Roll of Honour. Another gallant Jerseyman who has given his life for his Country, falling in action on 6 September, is Corporal H J Carver of the Jersey Company Royal Irish Rifles. This young NCO was 28 and was the only son of Mr & Mrs H J Carver of Val Plaisant. He was a married man, his wife's maiden name being Ella B Chevalier, and she is left with 4 little children. The deceased had been for some 6 years a member of the St Helier Fire Brigade and on volunteers being called for active service, he at once threw in his lot with our Contingent. He was exceedingly popular with his comrades, both in the Fire Brigade and the Company, and on Sunday, when Mrs Carver received the news of her husband's death from the Lieutenant Commander of the Company she also received a letter from Sergeant Major Le Breton conveying the sympathy of the whole Company. The following is the text of the letter received by Mrs Carver from Lieutenant McMullan. It reads "7th Royal Irish Rifles. BEF, France. Dear Mrs Carver, I deeply regret having to inform you of the death of your husband, Corporal H Carver, who was killed in action on the morning of 6 September. On behalf of myself, the NCOs and men of the Company I convey our sincerest sympathy. Your husband was exceedingly popular and highly efficient as an NCO and died while doing his duty nobly for his Country. Again assuring you of our deepest sympathy in your great bereavement. Yours sincerely K McMULLAN, Lieutenant Commanding D Company". To Mrs Carver and the members of the family of the deceased we would tender our sincere sympathy in their bereavement.

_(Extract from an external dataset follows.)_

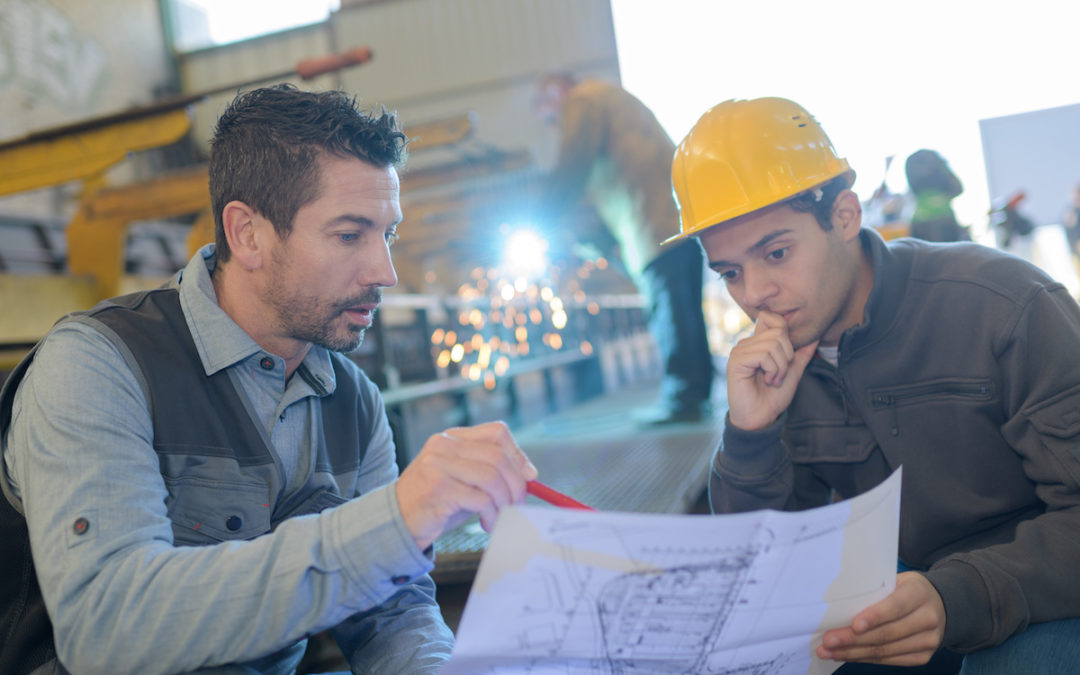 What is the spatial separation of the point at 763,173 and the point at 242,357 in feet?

NEWS ITEM in Jersey Evening Post of Wednesday 8 November 1916

The Late Corporal Carver. The widow of Corporal H Carver of the Jersey Company Royal Irish Rifles, who was killed in action recently, has received the following letter from Lieutenant Merrin of the Royal Irish Rifles. "7th RIR. 13 October 1916. My Dear Mrs Carver, I wish to express to you my deepest sympathy at the great loss of your husband. He is a great loss to me too as he was one of the best men in my platoon, and even in the whole Company. He fought by my side and was speaking of you to me just before he fell for his King and Country. He would certainly have received both distinction, for which he was recommended, and promotion had he been fortunate enough to live. He gave me invaluable assistance in discovering the position of the enemy, which was the means of saving many other lives. Yours very sincerely, B D MERRIN, Lieutenant RIR. PS Sincere regrets at not being able to write sooner but I was in hospital and lost all my possessions at the Somme".